World class IT support

I attended a talk by James Stanger from CompTIA at the SITS17 conference in 2017 (I totally forgot I’d written these notes until now). He talked a lot about the sort of skills and knowledge that world class Service Desk staff needed to have, and it dovetailed nicely with a list I drew up myself a couple of years earlier, and also with ideas from other presentations from the same conference.

What follows is notes I took at the time (with my observations in italics)

Tech support today

  • Evolving endpoint – IOT
  • Analytics
  • Automation
  • The cloud and mobility – BYOD
  • Cyber / security
  • Complexity of privacy
  • Device diversity
  • We are all knowledge workers

Helpdesk are the frost line of defence against security.
More Mac and Linux now than 10 years ago.
More business units than ever before
Service desk and service management is a growing industry and there are more jobs available. This should be an increasing trend.
Need a more diverse skills set – increase in cloud, and move from Helpdesk to service desk.

Technical skills that Service Desk staff need

  • Security
  • Database
  • PC
  • Storage
  • Backups
  • Cloud
  • Telecoms
  • Web dev
  • Server
  • Mobile
  • Etc.

Top skills

  • Troubleshooting
  • App management
  • PC
  • Security
  • Data
  • Mobility
  • Repair
  • Ticketing
  • Cloud
  • Permissions and directory services

It’s about accessing data from any device rather than the device itself.

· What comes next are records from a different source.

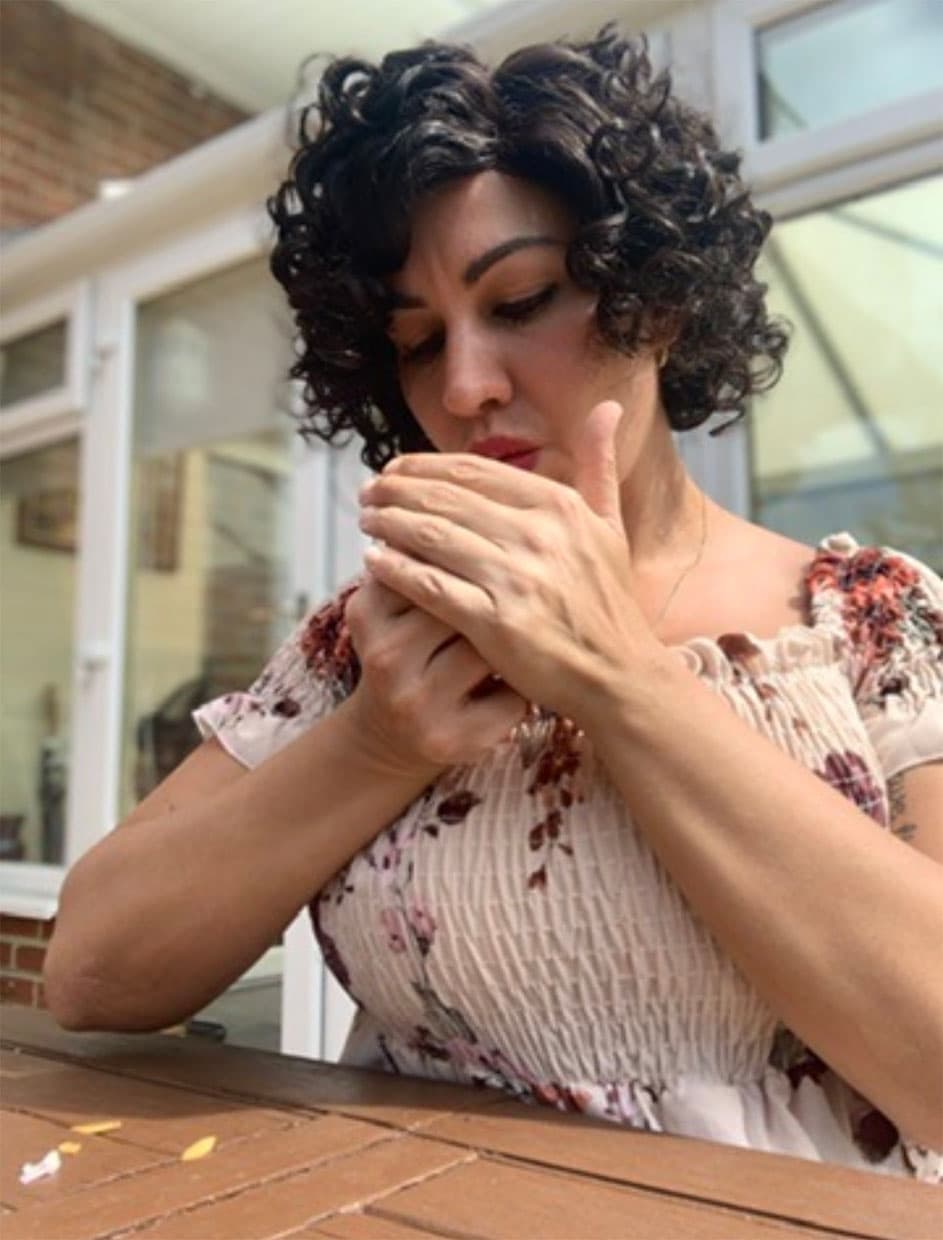 Bianca lighting a cigarette — a habit she later left behind through hypnotherapy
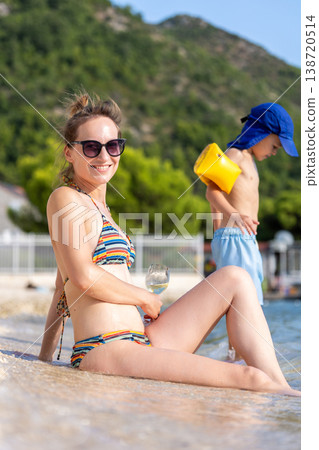 Smiling young adult woman relax bikini sunny beach hold glass wine child play water inflatable arm. Summer vacation lifestyle family carefree leisure mediterranean coast green mountains background Smiling young adult woman relax bikini sunny beach hold glass wine child play water inflatable arm. Summer vacation lifestyle family carefree leisure mediterranean coast green mountains background 138720514
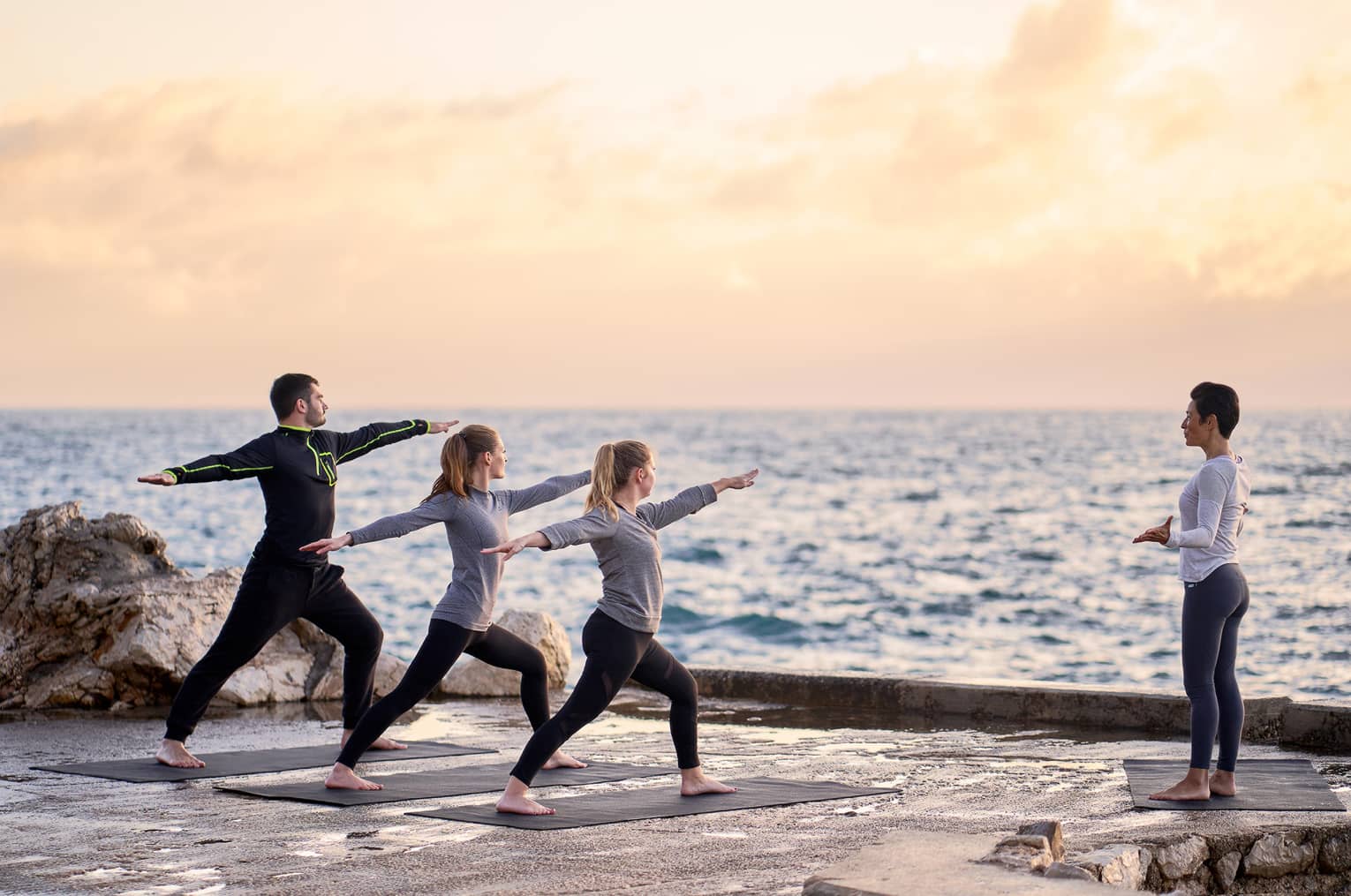 Three people in warrior yoga pose and coach standing at sea's edge at sunrise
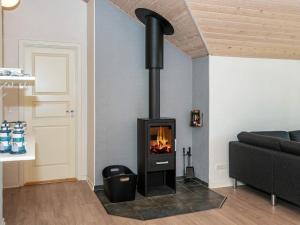 a black fireplace in a living room with a couch at 8 person holiday home in Glesborg in Glesborg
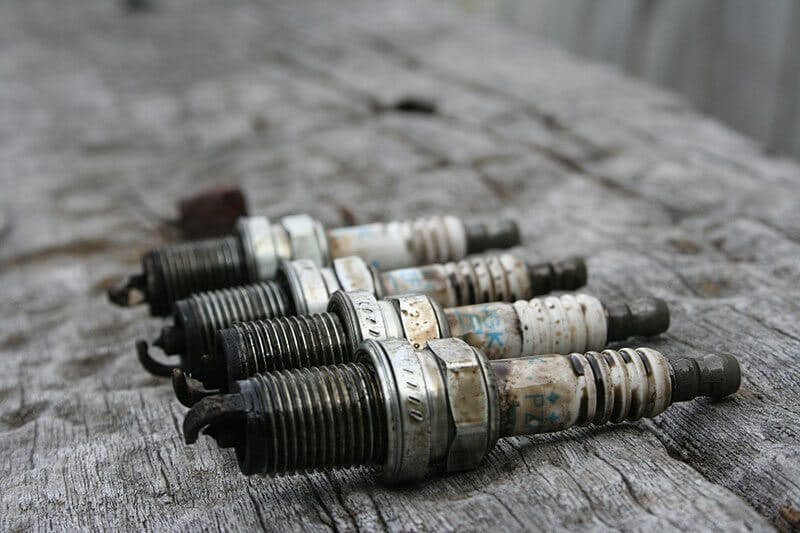 How do the properties of the spark plug affect engine parameters?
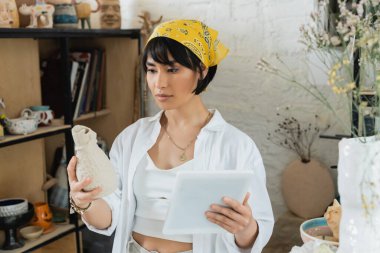 Young brunette asian artisan in headscarf and workwear holding clay sculpture and using digital tablet while standing in ceramic workshop, creative process of pottery making clipart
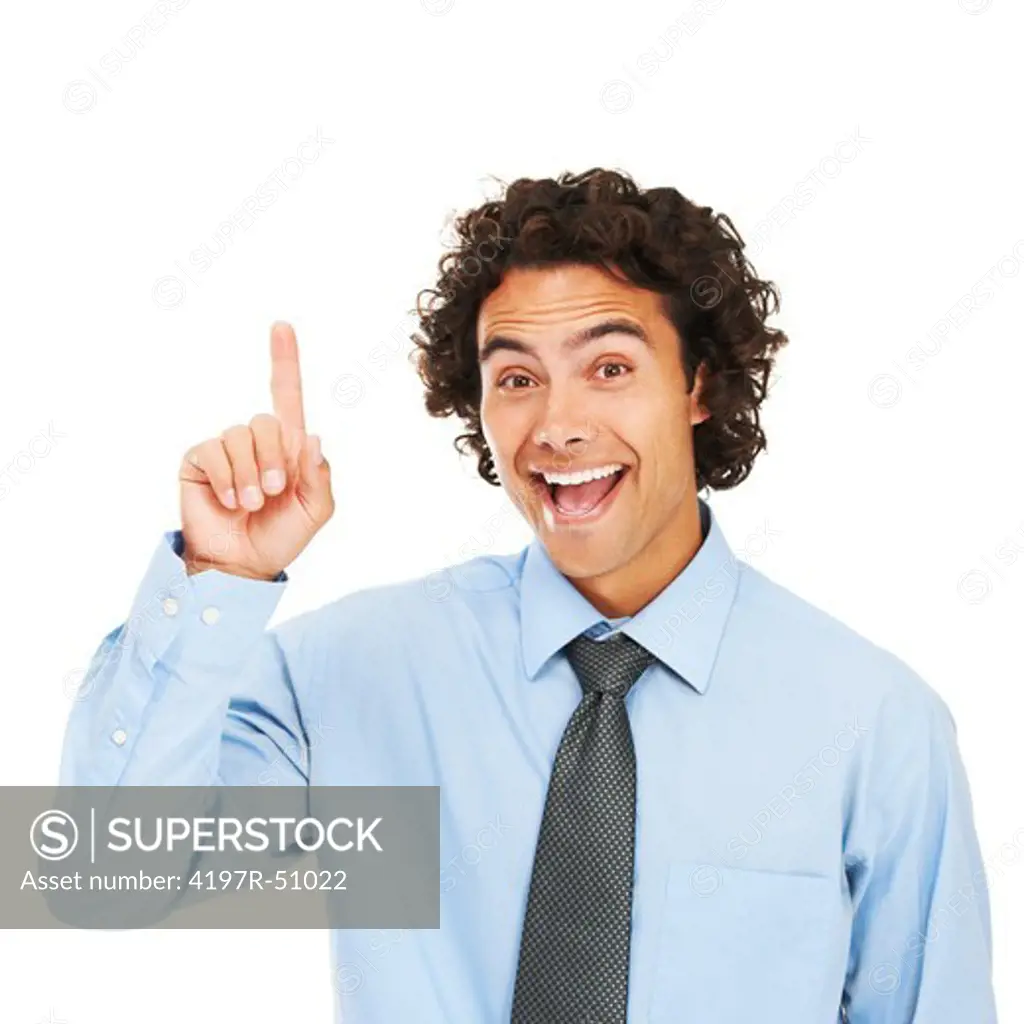Portrait of a young businessman pointing upwards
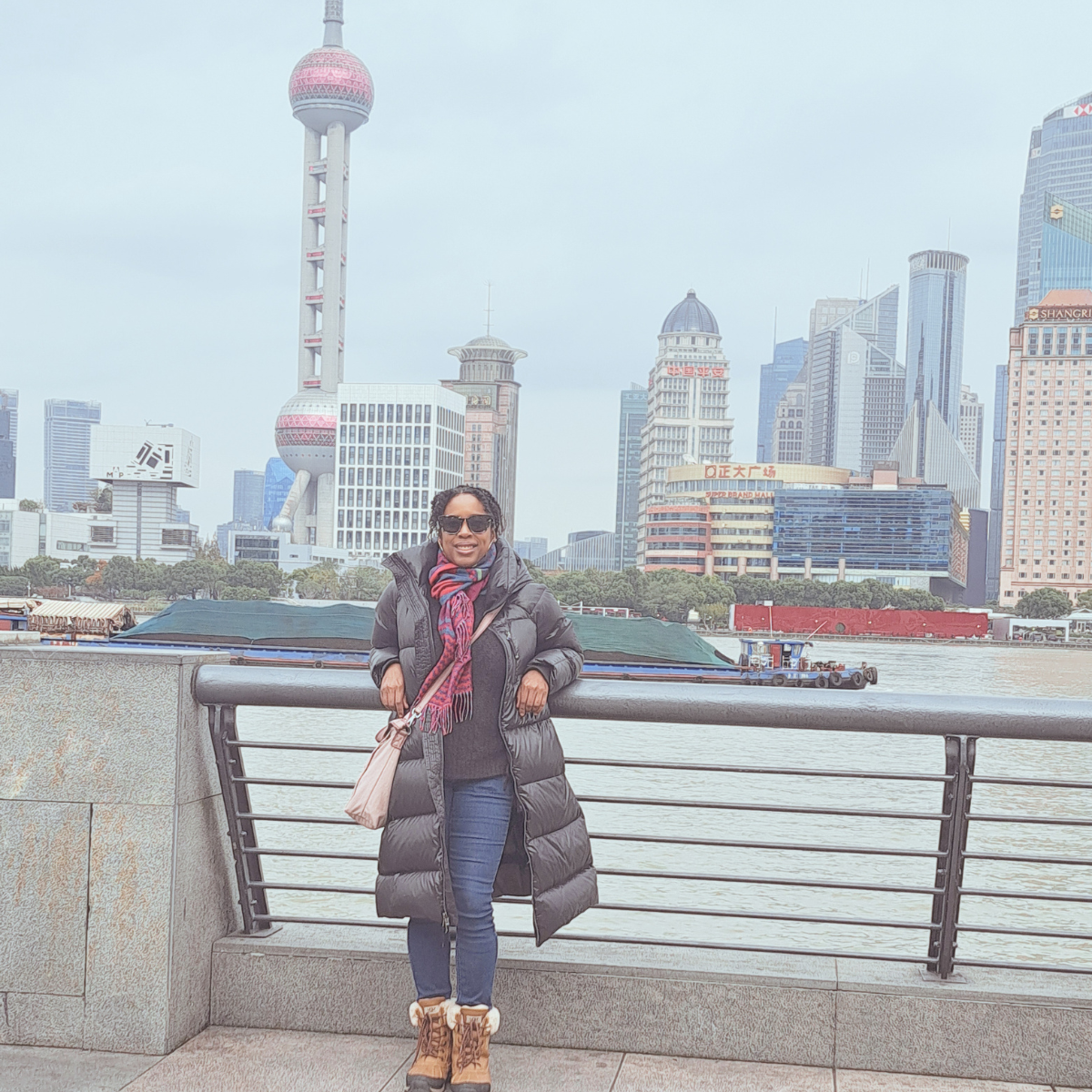 Danielle Brown posing with the Shanghai Bund in the background..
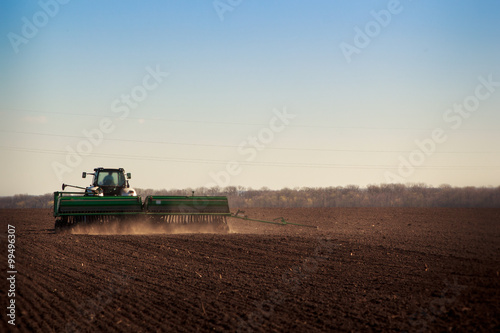 panorama of tractor sowing in field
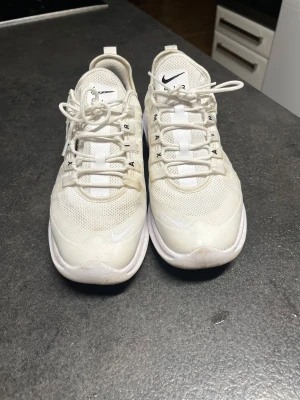 Nike Air Max vita sneakers - Säljer ett par fräscha Nike Air Max sneakers i helvitt med mesh-överdel och snygga detaljer. Skorna har snörning, platt sula och synlig Air Max-dämpning i hälen. Perfekt för dig som gillar stilrena och sportiga sneakers med skön komfort. Lite smutsiga men går att få bort. Priset kan diskuteras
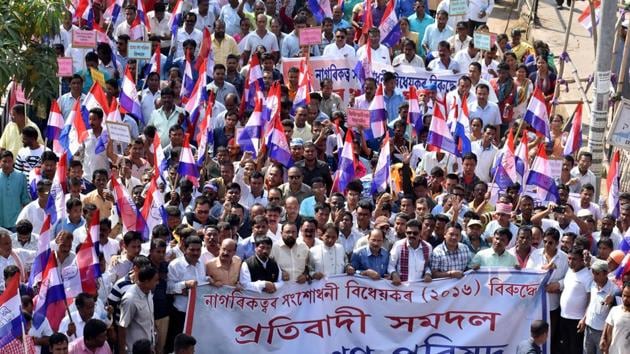 Members of Asom Gana Parishad (AGP) take out a protest rally against the Centre’s bid to pass the Citizenship (Amendment) Bill, 2016, in Guwahati. On Tuesday morning, protesters burnt tyres, disrupted vehicular and rail traffic at several places in the state during a 12-hour shutdown called by 46 indigenous groups in Assam against the proposed Citizenship (Amendment) Bill. (Rajib Jyoti Sarma / HT Photo) 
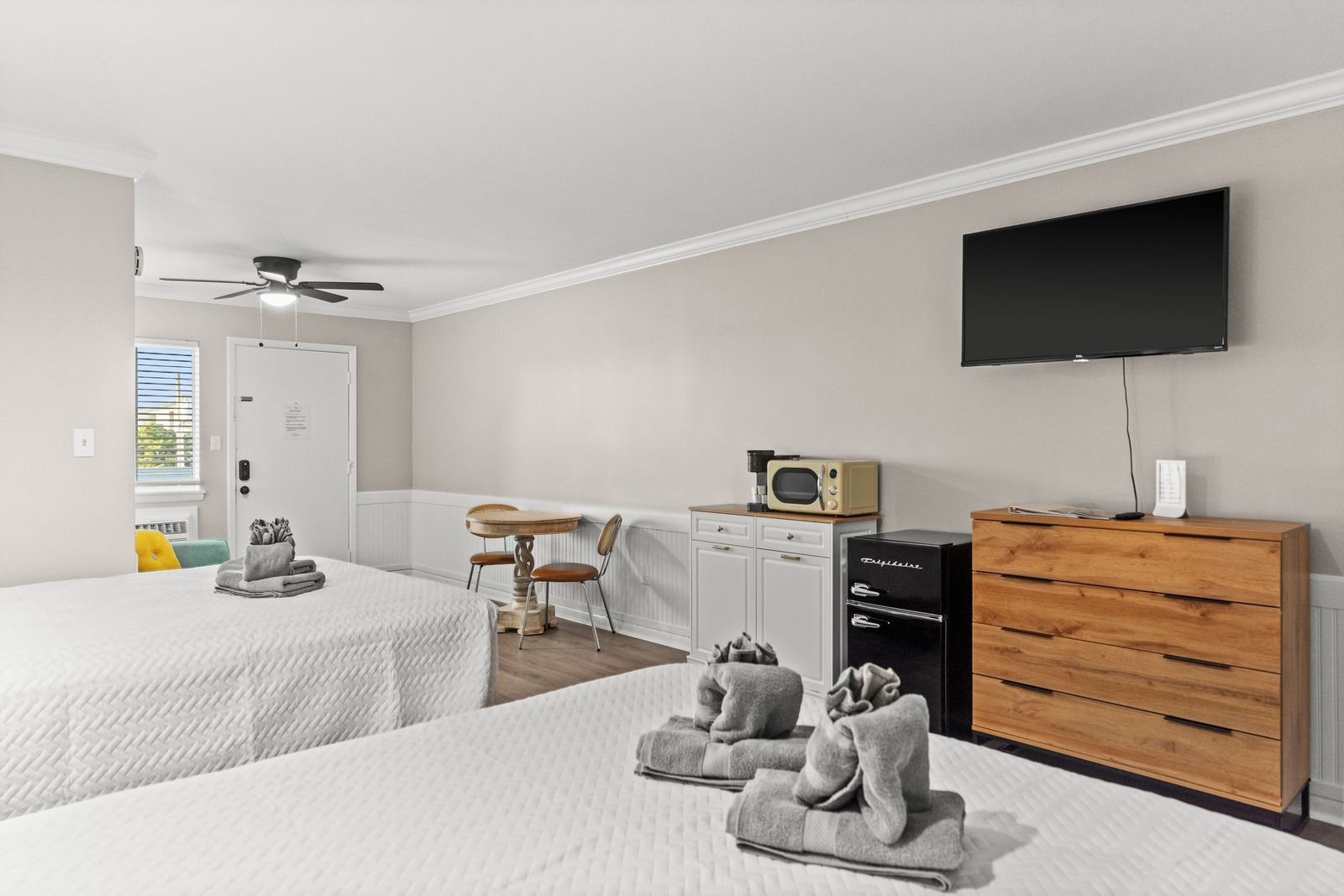 Studio apartment with white walls, bed, kitchenette, TV, and table.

The device breaks, then you just try and access it on another device.

Five essential skills

  1. Cybersecurity
  2. Linux
  3. Programming – shell scripts and python
  4. Networking – TCP/IP, network segmentation, VPN
  5. Soft skills – customer service mindset, project management, ability to turn negatives into positives.

Can we take these 5 skills and turn them into a blueprint for the sort of person we want to recruit into IT support roles (and I’m talking across the institution here, not just Service Desk people)? Should also add some stuff from the other lists though – especially around cloud, troubleshooting and application management. Do our people need to be lesss skilled but more knowledgeable? Or is it just that they need to be skilled and knowledgeable about different things?

I look at this list and see a lot of things that have previously been on our “nice to have” list. Things like cybersecurity, Linux and the ability to script solutions to IT problems have never been things we have tried to recruit at first line, and maybe even most second line teams. That is going to have to change if we are going to meet the demands of our customers and provide the sort of service they need from us.

Other things:

We want someone who loves problems

Can this person really look beneath the hood?

Can they see around the corners of a problem? Trend analysis and documenting new things and fixes to hard problems.

Hackers will go after the points where one technology interacts with another (where people are a technology – interface between people and technology is a big vulnerability).

Security trends

  • Notice the unknown (Ransomware, social engineering etc.)
  • Zero day attacks
  • Malware

Top security skills

The usual, plus social engineering, authentication methods.

Attacks occur where people and technology converge. This isn’t news.

We have too much information, too much data, if we had less there would be less to attack.

A good Helpdesk person will spot trends in security, and will help visualise data in a way that other people can understand.

Multi factor authentication – something you know and something you hold. 3rd factor is something you are (fingerprint, iris scan, face etc.)

Understanding monitoring and performance via command line tools is an important skill. All the stuff I have been talking about for years.

Saying things the right way is absolutely vital. Change geek speak into plain language. This is a key skill.

Give suggestions / say no / transfer a call

  • Identify the problem
  • Define the problem
  • Explore and examine the options
  • Act on the solutions
  • Look back at the solution and the consequences, or learn from the problem.

80% technical, 20% soft skills. And technical skills are much easier to teach, so recruit people who already have the soft skills.